## Task to complete:
Reply solely with the number of lines, in the records underneath, that include the word "this".

## Given records:
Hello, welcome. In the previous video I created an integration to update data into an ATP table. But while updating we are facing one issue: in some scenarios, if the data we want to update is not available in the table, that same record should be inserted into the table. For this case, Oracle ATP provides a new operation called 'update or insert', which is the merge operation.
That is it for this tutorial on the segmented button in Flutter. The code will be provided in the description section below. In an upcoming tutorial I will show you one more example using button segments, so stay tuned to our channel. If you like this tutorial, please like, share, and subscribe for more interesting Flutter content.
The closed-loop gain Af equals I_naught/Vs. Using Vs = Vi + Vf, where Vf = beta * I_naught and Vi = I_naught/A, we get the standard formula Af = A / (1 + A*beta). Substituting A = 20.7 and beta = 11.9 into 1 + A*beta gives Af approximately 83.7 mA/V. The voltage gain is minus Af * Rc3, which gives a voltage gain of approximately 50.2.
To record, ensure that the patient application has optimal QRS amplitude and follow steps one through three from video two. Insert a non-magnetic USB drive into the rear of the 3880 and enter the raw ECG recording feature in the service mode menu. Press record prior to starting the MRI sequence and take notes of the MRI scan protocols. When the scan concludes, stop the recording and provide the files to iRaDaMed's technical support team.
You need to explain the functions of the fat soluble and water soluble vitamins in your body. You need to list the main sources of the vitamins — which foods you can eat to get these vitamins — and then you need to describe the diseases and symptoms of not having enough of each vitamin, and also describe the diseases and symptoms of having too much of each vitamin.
---
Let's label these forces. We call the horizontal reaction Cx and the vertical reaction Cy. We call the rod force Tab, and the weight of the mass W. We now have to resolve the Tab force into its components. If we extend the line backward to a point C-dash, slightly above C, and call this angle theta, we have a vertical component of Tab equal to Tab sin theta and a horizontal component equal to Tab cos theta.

## Written answer:
3